The groups included the following:
Kimi Melendy, director of Educational Services and Lisa Bliss, assessment coordinator, presented Academic Achievement/ Assessment.
They discussed how the district will align with the standards of Nevada School Performance Framework (NSPF) by next year. NSPF is incorporating performance on multiple measures of achievement: proficiency, growth and growth to standards, gaps in student group growth and growth to standard and college — and career — readiness indicators that, in addition to graduation rate, also include dropout rate and scores on national college — readiness assessments.
“The Nevada Academic Content Standards (NACS), also know as, Common Core which was adapted in 2010 is the road map for the students,” Melendy said.
She said that the curriculum is the process of taking and developing products, planning and teaching of course of studies that ensure students have what they need to become college and career ready.
Since adapting the NACS Melendy said math has been a great challenge for our students. She said they are working with teachers to develop strategies to help improve students performances to meet standards.
Melendy said educators use the academic growth and achievement data provided by Measurement of Academic Process testing to implement instruction focused specifically on students’ needs.
Michelle Richardson, who conducts technology professional development for the teachers, led the technology workshop.
She covered topics such as technology infrastructure within the district, technology use in the classrooms, and how Smart Boards are being used in the smart labs. She said high school, eight grade and elementary students have access to Science Technology Engineering Mathematics (STEM) resources and almost all classrooms within the district have a Smart Board.
Phyllys Dowd, director of business services, talked about budget/fiscal.
She said CCSD uses 13 different funds and discussed where the money for the district comes from and where it is spent.

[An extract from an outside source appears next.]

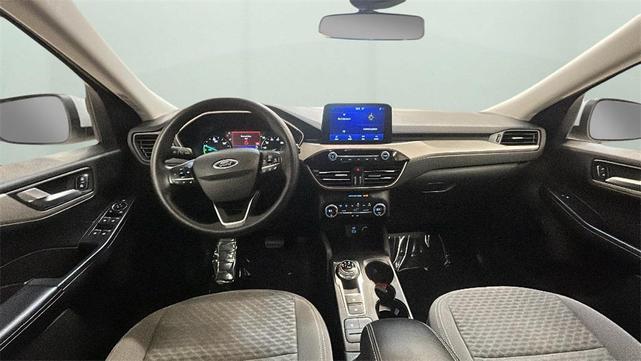 Photo of 2021 Oxford White Ford Escape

“Salaries are 22 million and benefits are another 10 million, so between the two of them that’s 86 percent of our budget,” said Dowd.
Sue Chambers, director of federal programs, gave information on parent and community involvement.
She said having parents as supporters in their children’s lives as well as fellow students lives is important.
Chambers said CCSD utilizes six standards to include welcoming families to the school, create a family friendly atmosphere, provide opportunities for parents and family to volunteer at the school, respect all families and cultures at the school, remove economical obstacles for students to participate in school activities and ensure accessible programing for students with special needs.
Maintenance director Brian Byrd discussed facilities.
Residents received an overview of what all has been done with the bond money for school maintenance.
He said there are three main funds to maintain the renovation expenses to include the bond fund, the roll over bond and the capital projects.
He discussed the upgrades and repairs at at Northside Early Learning Center, Lahontan, Numa, and E.C. Best elementary, schools the middle school and the high school. “We’ve improved all of the schools and will continue to improve them until they’re finished, said Byrd.
Steve Russell, director of Transportation, discussed safety.
He said a safety plan was adopted to ensure the safety of employees, students and community members when visiting school properties.
“We’ve come up with the four E’s of security educate, engineering, enforcement and evaluation,” said Russell.
Russell said the district has developed the ‘See Something Say Something’ program. The program allows the students to notify a specific individual who will investigate the claim.
Engineering has occurred at Northside with the one entry-point access door. Parents have to be buzzed into NELC by one of three people.
Enforcement is holding people accountable for what they have done, said Russell. The final E is evaluation.
“We want to know how the district is doing and how we can improve it,” said Russell. The input from the parents, teachers, students and the community is greatly valued and asked for, he added.
Most responses from residents who participated in the forum have been positive.
Jennifer Christie, mother of three said, “I’m new to Fallon, but the level of commitment the school district shows towards improving the education our children are receiving is impressive. Community involvement is vital to successful education. I applaud the Churchill County School District’s efforts.”
“I have grand children coming through the school system and found this forum to be very informative. I feel reassured that my grand children are safe,” said resident Barbara Lewis.
Sheldon was pleased with the turn out and said the forum was a success.
“I think that our goal was to get a diverse group of people tonight so we could get our message out to them, for them to relay to their friends and family to create a networking web. I feel we have accomplished that.”